# Available data
==========

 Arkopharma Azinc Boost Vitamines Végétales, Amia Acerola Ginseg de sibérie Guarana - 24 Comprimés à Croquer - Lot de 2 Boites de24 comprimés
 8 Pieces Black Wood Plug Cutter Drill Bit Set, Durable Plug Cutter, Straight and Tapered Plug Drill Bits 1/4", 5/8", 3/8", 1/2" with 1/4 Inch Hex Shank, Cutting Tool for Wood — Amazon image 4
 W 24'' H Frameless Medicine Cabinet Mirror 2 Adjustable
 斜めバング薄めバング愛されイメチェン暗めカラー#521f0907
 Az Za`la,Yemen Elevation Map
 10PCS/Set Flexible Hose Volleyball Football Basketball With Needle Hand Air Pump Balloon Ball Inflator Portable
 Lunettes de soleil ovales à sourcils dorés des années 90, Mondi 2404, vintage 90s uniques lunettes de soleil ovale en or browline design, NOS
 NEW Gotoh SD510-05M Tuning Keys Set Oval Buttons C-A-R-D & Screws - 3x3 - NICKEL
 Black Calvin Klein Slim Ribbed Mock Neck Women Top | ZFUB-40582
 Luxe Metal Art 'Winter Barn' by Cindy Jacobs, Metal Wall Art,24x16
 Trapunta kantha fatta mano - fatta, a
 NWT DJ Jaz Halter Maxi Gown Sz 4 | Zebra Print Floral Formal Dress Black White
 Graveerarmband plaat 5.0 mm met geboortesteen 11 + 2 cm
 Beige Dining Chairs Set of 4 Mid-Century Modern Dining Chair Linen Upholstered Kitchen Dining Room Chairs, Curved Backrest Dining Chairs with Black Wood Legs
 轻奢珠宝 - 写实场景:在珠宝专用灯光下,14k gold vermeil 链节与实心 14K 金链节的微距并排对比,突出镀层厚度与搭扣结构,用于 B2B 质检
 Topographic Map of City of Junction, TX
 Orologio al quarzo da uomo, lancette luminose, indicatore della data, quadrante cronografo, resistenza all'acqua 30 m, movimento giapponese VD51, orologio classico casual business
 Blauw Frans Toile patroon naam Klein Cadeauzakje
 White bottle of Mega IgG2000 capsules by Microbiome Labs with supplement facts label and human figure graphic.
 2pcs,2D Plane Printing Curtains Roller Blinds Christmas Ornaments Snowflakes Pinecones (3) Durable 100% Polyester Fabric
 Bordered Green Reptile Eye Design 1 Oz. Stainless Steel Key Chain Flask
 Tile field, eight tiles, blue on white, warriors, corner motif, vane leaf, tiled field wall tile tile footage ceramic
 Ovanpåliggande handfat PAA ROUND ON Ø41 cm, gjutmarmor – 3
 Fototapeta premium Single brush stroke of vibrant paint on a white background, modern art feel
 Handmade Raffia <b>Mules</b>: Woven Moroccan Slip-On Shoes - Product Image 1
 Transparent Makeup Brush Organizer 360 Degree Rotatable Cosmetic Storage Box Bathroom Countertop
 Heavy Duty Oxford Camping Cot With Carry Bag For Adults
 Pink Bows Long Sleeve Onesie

==========

# To do
When the line with "Bordered Green Reptile" is reached in the data above, start copying there, and copy each line exactly until the line with "Transparent Makeup Brush" has been copied; copy nothing else.

# Response
 Bordered Green Reptile Eye Design 1 Oz. Stainless Steel Key Chain Flask
 Tile field, eight tiles, blue on white, warriors, corner motif, vane leaf, tiled field wall tile tile footage ceramic
 Ovanpåliggande handfat PAA ROUND ON Ø41 cm, gjutmarmor – 3
 Fototapeta premium Single brush stroke of vibrant paint on a white background, modern art feel
 Handmade Raffia <b>Mules</b>: Woven Moroccan Slip-On Shoes - Product Image 1
 Transparent Makeup Brush Organizer 360 Degree Rotatable Cosmetic Storage Box Bathroom Countertop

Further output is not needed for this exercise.